Thus amidst the throes of war the free German nation was born. The German people, after long centuries of division and servitude, had at last found Freedom and Unity.



CHAPTER LXII.

LIBERATION AND UNIFICATION OF ITALY.

ITALY AT THE DOWNFALL OF NAPOLEON.—The Italian people, as being the most dangerously infected with the ideas of the Revolution, were, by the reactionary Congress of Vienna, condemned to the most strict and ignominious slavery. The former commonwealths were forbidden to restore their ancient institutions, while the petty principalities were handed over in almost every case to the tyrants or the heirs of the tyrants who had ruled them before the Revolution. Austria appropriated Venetia and Lombardy, and from Northern Italy assumed to direct the affairs of the whole peninsula. Tuscany, Modena, Parma, and Piacenza were given to princes of the House of Hapsburg. Naples was restored to its old Bourbon rulers. The Pope and Victor Emmanuel I., king of Sardinia, were the only native rulers.

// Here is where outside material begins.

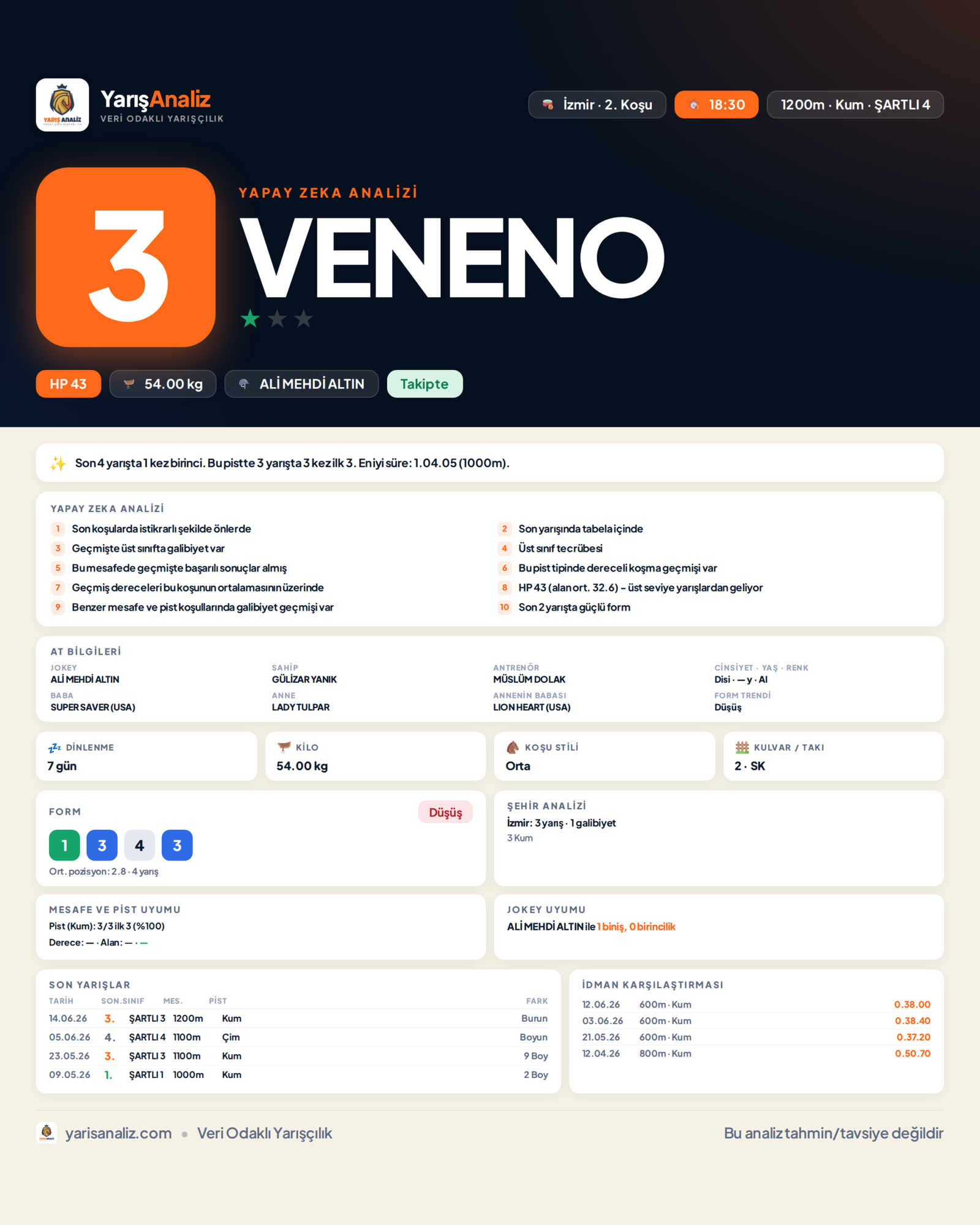 VENENO - İzmir 2. Koşu analizi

"Italy was divided on the map, but she had made up her mind to be one." The Revolution had sown the seeds of Liberty, and time only was needed for their maturing. The Cisalpine, the Ligurian, the Parthenopaean, the Tiberine republics (see pp. 668, 670), short-lived though they were, had awakened in the people an aspiration for self-government; while Napoleon's kingdom of Italy (see p. 676, n.), though equally delusive, had nevertheless inspired thousands of Italian patriots with the sentiment of national unity. Thus the French Revolution, disappointing as seemed its issue, really imparted to Italy her first impulse in the direction of freedom and of national organization.

Arbitrary Rule of the Restored Princes.—The setting up of the overturned thrones meant, of course, the re-instating of the old tyrannies. The restored despots came back with an implacable hatred of everything French. They swept away all French institutions that were supposed to tend in the least to Liberalism. At Rome even vaccination and street-lamps, French innovations, were abolished. In Sardinia, nothing that bore the French stamp, nothing that had been set up by French hands, was allowed to remain. Even the French furniture in the royal palace at Turin was thrown out of the windows, and the French plants in the royal gardens were pulled up root and branch.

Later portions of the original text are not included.